(What to produce):
Only the lines from the one containing "Pultenaea cinerascens" through the end of the entries should be repeated, exactly as they appear, first and last included.

(Data records):
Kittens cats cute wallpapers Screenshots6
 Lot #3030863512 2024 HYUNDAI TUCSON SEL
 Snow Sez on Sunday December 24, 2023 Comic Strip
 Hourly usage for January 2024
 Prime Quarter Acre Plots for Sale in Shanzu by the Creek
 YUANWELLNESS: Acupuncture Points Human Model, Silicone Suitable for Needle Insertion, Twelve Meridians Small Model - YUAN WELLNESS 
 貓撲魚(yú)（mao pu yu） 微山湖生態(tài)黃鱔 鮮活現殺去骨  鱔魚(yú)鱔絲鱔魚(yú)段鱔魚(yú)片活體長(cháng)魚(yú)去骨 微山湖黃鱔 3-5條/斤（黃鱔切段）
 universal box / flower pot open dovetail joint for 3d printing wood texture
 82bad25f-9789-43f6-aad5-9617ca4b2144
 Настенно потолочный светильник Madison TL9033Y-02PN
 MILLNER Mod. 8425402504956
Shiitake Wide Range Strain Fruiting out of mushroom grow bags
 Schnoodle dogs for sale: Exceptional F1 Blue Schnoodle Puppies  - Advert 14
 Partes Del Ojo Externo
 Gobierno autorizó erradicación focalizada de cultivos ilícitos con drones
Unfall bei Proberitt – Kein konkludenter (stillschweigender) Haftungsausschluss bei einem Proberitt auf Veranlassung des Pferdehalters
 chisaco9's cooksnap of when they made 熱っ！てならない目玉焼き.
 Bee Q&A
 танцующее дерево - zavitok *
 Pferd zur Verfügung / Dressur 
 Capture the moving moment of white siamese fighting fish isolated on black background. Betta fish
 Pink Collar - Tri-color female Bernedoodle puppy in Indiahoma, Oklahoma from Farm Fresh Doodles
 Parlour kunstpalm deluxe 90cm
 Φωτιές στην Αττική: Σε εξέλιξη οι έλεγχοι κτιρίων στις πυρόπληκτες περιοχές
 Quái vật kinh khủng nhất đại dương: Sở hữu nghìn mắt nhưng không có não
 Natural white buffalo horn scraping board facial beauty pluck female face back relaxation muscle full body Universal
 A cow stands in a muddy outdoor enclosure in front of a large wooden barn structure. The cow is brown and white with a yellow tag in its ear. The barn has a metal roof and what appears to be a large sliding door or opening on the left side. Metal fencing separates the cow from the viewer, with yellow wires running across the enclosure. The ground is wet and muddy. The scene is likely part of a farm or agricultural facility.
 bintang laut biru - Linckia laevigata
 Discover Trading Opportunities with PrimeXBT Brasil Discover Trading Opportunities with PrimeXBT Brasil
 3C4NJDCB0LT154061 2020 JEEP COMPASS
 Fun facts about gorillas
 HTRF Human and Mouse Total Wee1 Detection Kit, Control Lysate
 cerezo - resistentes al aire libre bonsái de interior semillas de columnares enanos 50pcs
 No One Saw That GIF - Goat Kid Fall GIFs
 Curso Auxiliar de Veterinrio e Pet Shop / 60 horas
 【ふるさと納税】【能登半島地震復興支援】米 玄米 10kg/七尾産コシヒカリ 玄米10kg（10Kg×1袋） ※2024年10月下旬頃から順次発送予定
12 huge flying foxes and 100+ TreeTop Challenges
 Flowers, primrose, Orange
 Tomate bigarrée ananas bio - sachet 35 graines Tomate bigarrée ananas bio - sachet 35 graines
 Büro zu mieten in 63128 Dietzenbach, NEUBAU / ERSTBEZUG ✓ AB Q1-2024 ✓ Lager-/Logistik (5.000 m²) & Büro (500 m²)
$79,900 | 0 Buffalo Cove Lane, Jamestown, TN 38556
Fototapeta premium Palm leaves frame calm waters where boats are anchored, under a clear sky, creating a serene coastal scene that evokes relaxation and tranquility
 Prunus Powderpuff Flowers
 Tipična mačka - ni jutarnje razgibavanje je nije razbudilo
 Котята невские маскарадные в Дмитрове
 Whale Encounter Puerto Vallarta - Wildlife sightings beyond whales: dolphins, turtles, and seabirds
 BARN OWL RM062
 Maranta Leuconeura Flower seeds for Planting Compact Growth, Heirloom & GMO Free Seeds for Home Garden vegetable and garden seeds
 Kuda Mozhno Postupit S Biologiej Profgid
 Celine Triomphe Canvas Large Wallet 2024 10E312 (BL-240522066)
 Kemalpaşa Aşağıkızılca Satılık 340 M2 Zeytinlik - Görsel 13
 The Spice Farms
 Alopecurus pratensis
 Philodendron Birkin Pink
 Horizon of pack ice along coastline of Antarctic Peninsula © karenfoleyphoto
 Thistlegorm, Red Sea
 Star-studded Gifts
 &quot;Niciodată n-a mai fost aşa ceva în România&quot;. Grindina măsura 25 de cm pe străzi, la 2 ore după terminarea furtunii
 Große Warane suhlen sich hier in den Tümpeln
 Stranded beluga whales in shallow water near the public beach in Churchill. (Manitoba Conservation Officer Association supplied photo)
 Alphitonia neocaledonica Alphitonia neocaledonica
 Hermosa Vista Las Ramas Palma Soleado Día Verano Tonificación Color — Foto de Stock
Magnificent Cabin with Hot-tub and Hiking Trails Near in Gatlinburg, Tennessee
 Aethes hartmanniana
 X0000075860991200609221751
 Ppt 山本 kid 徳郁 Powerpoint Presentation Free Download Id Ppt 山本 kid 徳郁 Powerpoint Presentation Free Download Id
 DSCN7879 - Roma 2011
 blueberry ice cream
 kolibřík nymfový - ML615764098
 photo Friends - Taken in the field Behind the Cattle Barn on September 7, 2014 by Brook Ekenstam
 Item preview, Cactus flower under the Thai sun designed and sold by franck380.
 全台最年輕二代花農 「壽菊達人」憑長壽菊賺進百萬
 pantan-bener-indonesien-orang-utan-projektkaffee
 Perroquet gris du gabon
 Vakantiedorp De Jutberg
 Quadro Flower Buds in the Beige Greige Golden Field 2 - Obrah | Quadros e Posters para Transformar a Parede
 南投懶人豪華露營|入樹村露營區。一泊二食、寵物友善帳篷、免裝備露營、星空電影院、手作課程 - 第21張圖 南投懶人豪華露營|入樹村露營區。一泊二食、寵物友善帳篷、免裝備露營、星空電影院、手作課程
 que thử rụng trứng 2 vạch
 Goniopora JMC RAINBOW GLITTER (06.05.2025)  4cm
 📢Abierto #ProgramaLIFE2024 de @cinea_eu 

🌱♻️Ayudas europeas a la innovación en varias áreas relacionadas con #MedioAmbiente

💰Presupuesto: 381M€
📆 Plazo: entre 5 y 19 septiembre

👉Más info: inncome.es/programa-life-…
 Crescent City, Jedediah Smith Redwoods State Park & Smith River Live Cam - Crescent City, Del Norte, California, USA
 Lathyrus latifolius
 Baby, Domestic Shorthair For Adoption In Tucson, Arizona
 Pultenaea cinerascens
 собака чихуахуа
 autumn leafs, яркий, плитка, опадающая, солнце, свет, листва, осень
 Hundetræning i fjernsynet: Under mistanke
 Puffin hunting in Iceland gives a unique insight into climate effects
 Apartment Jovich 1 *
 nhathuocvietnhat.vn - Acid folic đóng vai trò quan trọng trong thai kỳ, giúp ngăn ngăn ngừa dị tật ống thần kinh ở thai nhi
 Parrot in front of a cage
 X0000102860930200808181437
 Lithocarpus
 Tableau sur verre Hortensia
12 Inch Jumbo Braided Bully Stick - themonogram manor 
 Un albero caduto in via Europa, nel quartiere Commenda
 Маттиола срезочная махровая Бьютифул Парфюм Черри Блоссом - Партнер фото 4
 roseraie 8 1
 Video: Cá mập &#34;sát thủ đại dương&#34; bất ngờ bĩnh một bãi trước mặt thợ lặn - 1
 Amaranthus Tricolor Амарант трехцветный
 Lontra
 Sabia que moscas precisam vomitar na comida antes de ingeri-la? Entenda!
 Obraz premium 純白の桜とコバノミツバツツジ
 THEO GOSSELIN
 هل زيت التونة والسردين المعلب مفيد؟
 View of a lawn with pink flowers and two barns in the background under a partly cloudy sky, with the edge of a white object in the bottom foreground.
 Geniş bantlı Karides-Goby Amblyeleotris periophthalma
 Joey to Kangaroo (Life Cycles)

(Exercise result):
 Pultenaea cinerascens
 собака чихуахуа
 autumn leafs, яркий, плитка, опадающая, солнце, свет, листва, осень
 Hundetræning i fjernsynet: Under mistanke
 Puffin hunting in Iceland gives a unique insight into climate effects
 Apartment Jovich 1 *
 nhathuocvietnhat.vn - Acid folic đóng vai trò quan trọng trong thai kỳ, giúp ngăn ngăn ngừa dị tật ống thần kinh ở thai nhi
 Parrot in front of a cage
 X0000102860930200808181437
 Lithocarpus
 Tableau sur verre Hortensia
12 Inch Jumbo Braided Bully Stick - themonogram manor 
 Un albero caduto in via Europa, nel quartiere Commenda
 Маттиола срезочная махровая Бьютифул Парфюм Черри Блоссом - Партнер фото 4
 roseraie 8 1
 Video: Cá mập &#34;sát thủ đại dương&#34; bất ngờ bĩnh một bãi trước mặt thợ lặn - 1
 Amaranthus Tricolor Амарант трехцветный
 Lontra
 Sabia que moscas precisam vomitar na comida antes de ingeri-la? Entenda!
 Obraz premium 純白の桜とコバノミツバツツジ
 THEO GOSSELIN
 هل زيت التونة والسردين المعلب مفيد؟
 View of a lawn with pink flowers and two barns in the background under a partly cloudy sky, with the edge of a white object in the bottom foreground.
 Geniş bantlı Karides-Goby Amblyeleotris periophthalma
 Joey to Kangaroo (Life Cycles)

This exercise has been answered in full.